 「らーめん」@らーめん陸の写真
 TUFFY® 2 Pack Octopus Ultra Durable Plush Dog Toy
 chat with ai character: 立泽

* * *

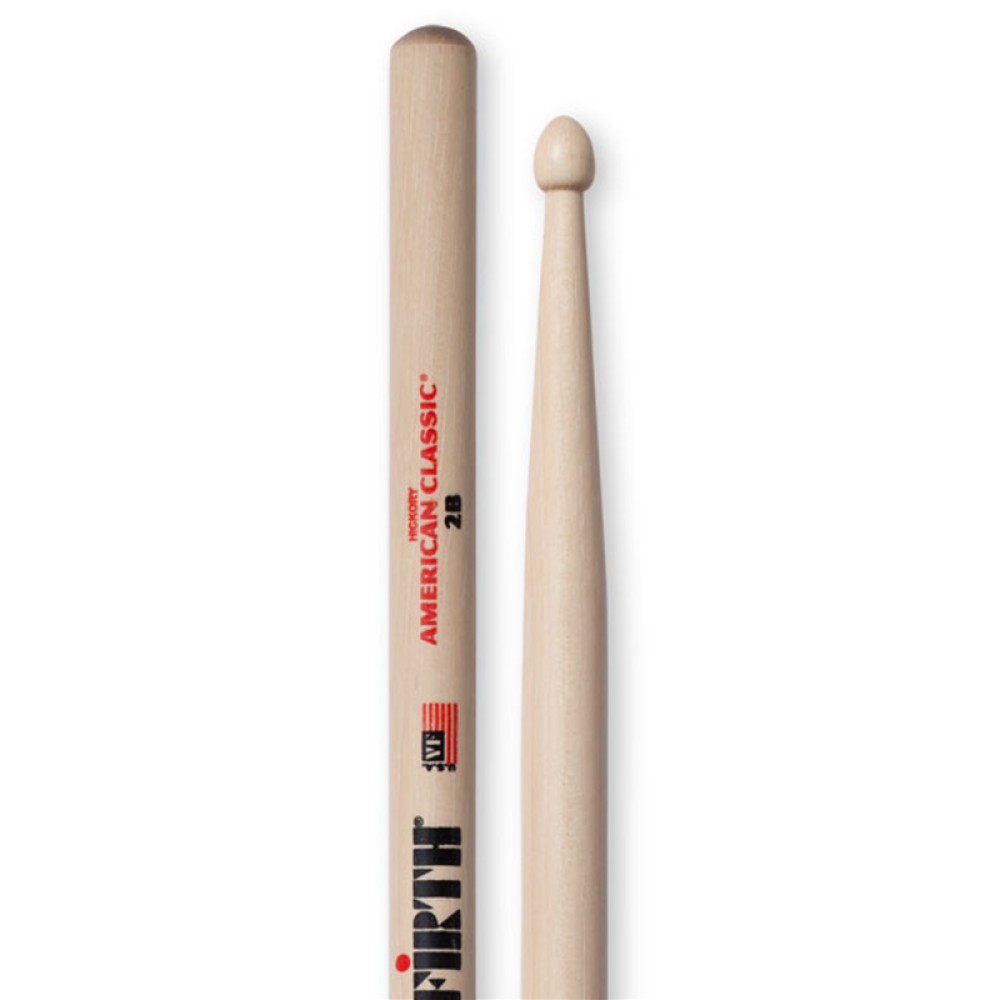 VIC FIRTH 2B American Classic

* _WHAT IS EXPECTED_:
Copy exactly the stretch of data above from the line with "TUFFY® 2 Pack" through the line with "chat with ai character: 立泽", and omit all other lines.

* _ANSWER SPACE_:
 TUFFY® 2 Pack Octopus Ultra Durable Plush Dog Toy
 chat with ai character: 立泽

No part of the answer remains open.